Ich hab sie getrennt gespeichert.

Ich hab nun also 2 Dateien in Effects.

Wie bekomm ich es nun hin, dass ich diese Linie einblenden lassen kann?
Sie soll aber nicht einfach da sein, sondern wie in Filmen die Strecke von A nach B animiert sein.
Sie wächst sozusagen solange bis sie das Ziel erreicht hat.
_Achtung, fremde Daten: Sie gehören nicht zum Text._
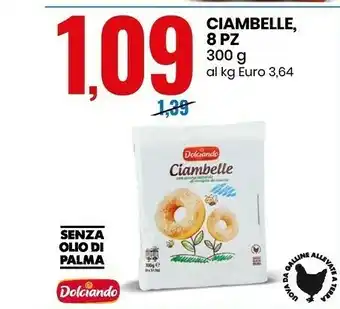 Eurospin Ciambelle, 8 pz offerta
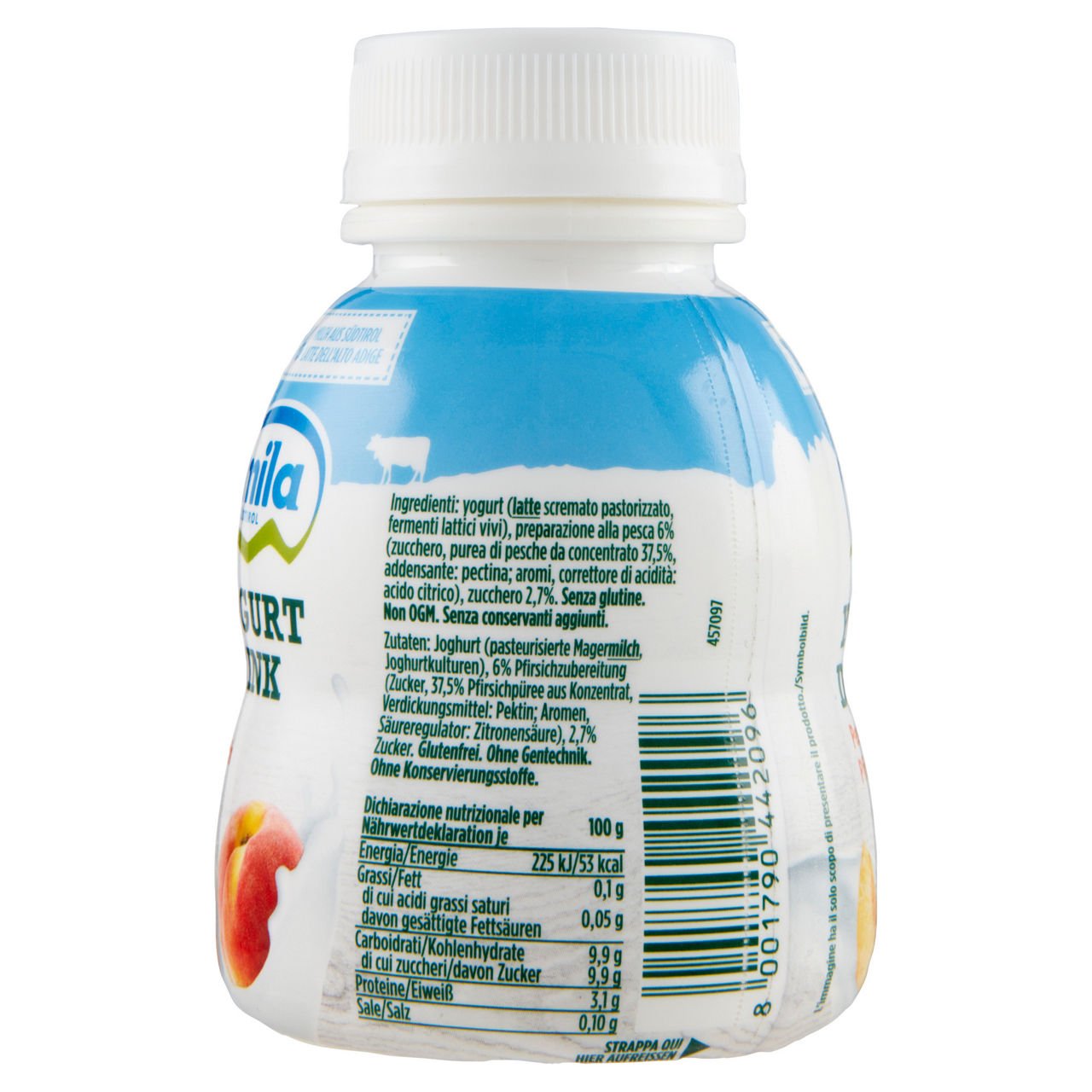 Yogurt da bere alla pesca 200 gr - Immagine 11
Schon mal Danke für die Hilfe


----------



## oskar55 (5. Januar 2008)

Hallo,
nimm das Linienfoto in eine eigene Komposition und maskiere die Linie mit dem Pinselwerkzeug , d. h. Malenmodus einstellen, Pinselstärke auf Liniendicke einstellen
Kanäle : "Alpha" und Dauer: "Malen animieren" einstellen und die Linie damit wegmalen. Dadurch erscheint die Linie in umgekehrter Malrichtung.
Einfacher wäre es allerdings mit einer Linie aus Illustrator und dem Linien- Stricheffekt.

Gruß
Oskar


----------



## sepp05 (10. Januar 2008)

Einfacher wäre es, wenn du die Karte im AfterEffects als Hintergrundebene nimmst und darauf einen Pfad (mit dem Zeichenstift) malst, der der später animierten Linie entspricht.
Danach fügst du den Effekt "Generieren/Strich" ein.
Nun ist aus deinem Pfad eine Linie geworden, die du jetzt farblich anpassen kannst und mit den Anfang/Ende-Werten kannst du sie animieren!

Ich hoffe ich konnte helfen und hab's nicht zu kompliziert erklärt!


----------